▸ REQUIRED ACTION
When you return the data, keep every line exactly as it is and leave out the pictures.

▸ PROVIDED DATA
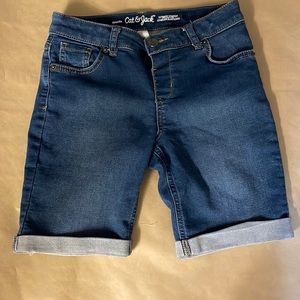 Girls cat and Jack jagging Bermuda shorts size large 10/12
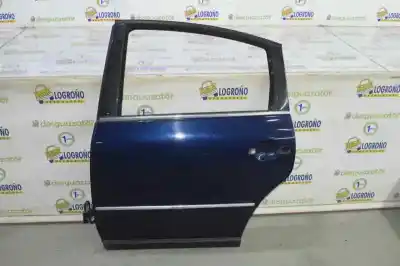 Pezzo di ricambio per auto di seconda mano  per VOLKSWAGEN PASSAT BERLINA (3B3) 1.9 TDI Riferimenti OEM IAM 3B5833051AB 3B5833051AB AZUL OSCURO 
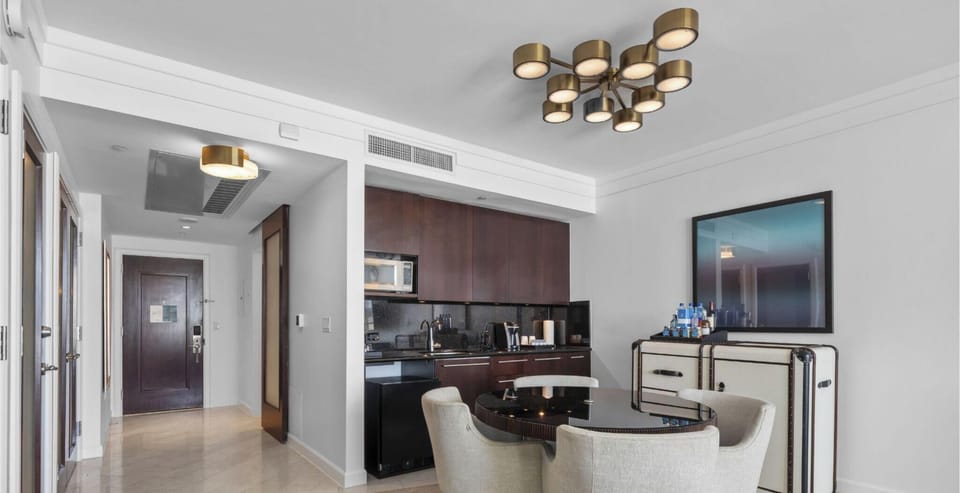 Studio, City View | Dining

▸ ANSWER TO THE PROBLEM
 Girls cat and Jack jagging Bermuda shorts size large 10/12
 Pezzo di ricambio per auto di seconda mano  per VOLKSWAGEN PASSAT BERLINA (3B3) 1.9 TDI Riferimenti OEM IAM 3B5833051AB 3B5833051AB AZUL OSCURO 
 Studio, City View | Dining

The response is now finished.